Mother sighs. “Rhaenys, you are already two-and-twenty. I, too, wish there were another way, and do not normally agree with your father on such things, but you must be wed.”
“The young lads can’t all be terrible,” says Ser Arthur, sweeping his eyes around the room. He pauses, his gaze landing on Lord Frey. Which Lord Frey, Rhaenys can’t be sure—there are so many. “Or old lads.”
Rhaenys casts him a withering glare. “That’s easy for you to say. You don’t have to marry anyone.”
“You have your pick of the ball,” says Mother. “As you well know, if you do not choose, then the choice will be made for you.”
At the very least, she knows she must choose someone to dance with. The doors at the top of the stairs are shut, and there’s a growing sense of unrest filtering amongst the guests. She is the centerpiece of the ball, after all; without her mingling, the event is purposeless.
“Lord Renly is not a bad sort,” Mother continues, gesturing to a raven-haired lordling whose blue-green eyes peek out from behind an antlered black-and-gold mask. He is one of the many who eschewed the invitation’s parameters. “You could start with him.”

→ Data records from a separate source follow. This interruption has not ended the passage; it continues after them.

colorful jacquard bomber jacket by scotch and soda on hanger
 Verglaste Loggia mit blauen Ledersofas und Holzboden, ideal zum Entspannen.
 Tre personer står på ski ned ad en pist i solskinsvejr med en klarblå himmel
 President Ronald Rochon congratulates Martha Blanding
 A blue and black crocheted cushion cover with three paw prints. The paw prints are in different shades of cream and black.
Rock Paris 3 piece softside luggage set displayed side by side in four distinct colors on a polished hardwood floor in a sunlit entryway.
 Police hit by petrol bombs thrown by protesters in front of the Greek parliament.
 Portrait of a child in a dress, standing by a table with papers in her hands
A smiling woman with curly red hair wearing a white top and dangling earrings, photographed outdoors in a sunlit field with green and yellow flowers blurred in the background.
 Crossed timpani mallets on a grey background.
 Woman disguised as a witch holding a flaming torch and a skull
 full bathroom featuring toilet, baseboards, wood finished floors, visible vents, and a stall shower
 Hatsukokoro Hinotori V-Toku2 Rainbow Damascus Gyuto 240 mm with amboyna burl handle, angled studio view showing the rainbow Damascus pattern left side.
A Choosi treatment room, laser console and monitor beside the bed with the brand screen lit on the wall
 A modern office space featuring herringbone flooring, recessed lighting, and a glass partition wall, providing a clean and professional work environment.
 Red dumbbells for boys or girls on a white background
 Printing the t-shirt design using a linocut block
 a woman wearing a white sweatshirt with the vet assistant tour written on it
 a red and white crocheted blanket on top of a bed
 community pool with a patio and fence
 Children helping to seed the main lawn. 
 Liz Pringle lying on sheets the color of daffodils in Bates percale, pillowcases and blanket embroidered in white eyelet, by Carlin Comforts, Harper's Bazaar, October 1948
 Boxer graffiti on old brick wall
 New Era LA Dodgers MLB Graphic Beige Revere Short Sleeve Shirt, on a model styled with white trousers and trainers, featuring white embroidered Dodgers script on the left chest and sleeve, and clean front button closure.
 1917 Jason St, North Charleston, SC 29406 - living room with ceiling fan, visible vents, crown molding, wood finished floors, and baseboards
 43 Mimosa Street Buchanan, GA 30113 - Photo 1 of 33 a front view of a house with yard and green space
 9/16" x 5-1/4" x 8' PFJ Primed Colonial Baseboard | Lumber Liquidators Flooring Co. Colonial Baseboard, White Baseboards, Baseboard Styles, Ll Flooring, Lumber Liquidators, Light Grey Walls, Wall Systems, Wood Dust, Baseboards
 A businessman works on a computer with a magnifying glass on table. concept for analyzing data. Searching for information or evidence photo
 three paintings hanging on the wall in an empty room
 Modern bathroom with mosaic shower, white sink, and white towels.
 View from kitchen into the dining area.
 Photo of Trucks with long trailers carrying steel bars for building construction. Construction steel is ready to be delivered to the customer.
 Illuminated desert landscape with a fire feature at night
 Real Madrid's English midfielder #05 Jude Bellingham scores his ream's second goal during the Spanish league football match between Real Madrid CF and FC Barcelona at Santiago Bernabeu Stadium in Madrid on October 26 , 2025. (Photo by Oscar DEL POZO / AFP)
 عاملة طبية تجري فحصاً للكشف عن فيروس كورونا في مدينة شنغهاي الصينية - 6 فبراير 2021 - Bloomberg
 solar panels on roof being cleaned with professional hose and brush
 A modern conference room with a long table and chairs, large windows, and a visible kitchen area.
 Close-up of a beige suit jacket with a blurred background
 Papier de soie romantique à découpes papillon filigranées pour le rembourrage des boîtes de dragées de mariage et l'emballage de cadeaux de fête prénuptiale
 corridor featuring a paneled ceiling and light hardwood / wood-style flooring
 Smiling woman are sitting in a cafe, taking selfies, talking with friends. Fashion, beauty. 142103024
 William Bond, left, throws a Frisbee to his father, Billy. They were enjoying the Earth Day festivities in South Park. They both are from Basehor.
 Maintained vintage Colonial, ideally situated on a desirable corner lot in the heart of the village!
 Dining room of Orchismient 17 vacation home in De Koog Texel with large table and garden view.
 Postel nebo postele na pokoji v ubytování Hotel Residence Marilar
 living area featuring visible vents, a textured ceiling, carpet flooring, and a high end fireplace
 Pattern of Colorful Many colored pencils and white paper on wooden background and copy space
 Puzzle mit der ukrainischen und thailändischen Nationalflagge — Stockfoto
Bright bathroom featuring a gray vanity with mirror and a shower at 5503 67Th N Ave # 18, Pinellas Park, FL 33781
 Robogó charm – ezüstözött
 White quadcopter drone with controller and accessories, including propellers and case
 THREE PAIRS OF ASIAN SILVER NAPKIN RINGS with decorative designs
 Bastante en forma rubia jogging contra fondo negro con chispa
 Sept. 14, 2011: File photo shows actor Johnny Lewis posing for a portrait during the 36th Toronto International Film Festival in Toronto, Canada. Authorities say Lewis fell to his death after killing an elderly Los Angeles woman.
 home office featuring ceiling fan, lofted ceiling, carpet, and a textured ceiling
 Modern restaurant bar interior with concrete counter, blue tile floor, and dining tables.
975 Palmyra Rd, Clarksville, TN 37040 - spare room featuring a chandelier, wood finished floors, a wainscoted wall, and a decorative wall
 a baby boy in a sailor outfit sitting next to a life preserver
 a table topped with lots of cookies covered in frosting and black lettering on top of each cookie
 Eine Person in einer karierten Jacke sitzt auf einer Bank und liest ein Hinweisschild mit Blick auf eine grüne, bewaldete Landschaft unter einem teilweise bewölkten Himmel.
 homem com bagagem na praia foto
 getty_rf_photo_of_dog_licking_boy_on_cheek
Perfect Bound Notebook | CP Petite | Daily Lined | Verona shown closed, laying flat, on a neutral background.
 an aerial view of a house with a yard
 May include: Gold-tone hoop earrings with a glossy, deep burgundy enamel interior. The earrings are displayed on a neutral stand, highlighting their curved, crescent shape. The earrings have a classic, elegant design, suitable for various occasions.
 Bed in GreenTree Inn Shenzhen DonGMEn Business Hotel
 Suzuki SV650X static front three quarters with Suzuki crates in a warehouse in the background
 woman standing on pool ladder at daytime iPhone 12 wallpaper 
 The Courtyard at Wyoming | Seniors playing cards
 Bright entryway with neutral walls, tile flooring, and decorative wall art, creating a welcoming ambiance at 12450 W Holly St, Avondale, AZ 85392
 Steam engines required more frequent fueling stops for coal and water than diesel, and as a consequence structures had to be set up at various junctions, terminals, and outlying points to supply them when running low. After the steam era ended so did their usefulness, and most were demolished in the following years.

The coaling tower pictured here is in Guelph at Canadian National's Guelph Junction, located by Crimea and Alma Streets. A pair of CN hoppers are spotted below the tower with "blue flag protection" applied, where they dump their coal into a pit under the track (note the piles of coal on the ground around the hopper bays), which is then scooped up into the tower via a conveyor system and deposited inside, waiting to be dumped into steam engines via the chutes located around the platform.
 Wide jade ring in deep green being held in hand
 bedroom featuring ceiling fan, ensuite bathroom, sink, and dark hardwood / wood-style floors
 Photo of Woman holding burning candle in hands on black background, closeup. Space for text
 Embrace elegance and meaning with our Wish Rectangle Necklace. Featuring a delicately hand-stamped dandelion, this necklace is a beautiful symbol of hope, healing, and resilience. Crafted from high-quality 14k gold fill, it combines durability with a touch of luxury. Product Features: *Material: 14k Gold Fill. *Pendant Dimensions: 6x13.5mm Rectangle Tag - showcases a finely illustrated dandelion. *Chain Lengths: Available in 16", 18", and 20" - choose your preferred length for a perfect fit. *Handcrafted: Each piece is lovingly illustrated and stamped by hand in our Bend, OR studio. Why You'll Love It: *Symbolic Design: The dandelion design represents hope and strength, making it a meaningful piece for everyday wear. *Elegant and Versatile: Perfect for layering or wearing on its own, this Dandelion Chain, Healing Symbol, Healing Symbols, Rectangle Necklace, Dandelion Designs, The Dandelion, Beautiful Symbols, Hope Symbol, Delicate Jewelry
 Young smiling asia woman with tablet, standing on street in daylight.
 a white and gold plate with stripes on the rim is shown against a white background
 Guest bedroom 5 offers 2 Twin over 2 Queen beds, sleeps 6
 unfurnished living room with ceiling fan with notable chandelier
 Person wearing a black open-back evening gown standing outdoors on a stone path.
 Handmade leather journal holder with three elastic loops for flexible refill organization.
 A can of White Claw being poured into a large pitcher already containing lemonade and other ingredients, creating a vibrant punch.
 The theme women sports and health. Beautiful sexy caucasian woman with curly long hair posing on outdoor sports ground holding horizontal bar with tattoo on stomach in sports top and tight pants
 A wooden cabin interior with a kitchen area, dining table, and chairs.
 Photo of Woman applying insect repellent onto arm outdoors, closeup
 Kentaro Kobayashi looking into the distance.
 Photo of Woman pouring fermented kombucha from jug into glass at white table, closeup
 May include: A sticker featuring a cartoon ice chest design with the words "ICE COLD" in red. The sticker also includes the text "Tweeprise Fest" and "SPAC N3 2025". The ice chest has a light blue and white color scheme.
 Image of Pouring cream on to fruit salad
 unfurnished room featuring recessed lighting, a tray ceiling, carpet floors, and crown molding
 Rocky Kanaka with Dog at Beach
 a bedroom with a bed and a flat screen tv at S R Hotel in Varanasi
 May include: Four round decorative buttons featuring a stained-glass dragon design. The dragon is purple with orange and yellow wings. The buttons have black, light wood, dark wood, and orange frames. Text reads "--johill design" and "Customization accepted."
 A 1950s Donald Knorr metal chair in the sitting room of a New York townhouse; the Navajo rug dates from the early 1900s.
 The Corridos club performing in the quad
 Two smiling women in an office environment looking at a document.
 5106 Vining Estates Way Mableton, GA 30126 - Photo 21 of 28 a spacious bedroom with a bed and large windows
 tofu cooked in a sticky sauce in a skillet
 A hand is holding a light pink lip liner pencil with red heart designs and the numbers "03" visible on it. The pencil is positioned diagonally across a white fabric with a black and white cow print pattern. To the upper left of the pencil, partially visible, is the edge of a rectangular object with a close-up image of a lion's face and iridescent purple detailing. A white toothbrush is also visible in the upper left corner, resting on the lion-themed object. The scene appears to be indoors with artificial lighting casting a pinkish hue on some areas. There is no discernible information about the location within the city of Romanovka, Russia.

Rhaenys droops. Mother’s right, Lord Renly isn’t the worst. “Oh, very well. I’ll—”
She trails off at the echoing sound of the doors groaning open once more. A man stands at the top, clad in gray and white, and both conversation and music abruptly ceases. She knows instantly who the latecomer is, despite half his face being covered in a nondescript silver mask.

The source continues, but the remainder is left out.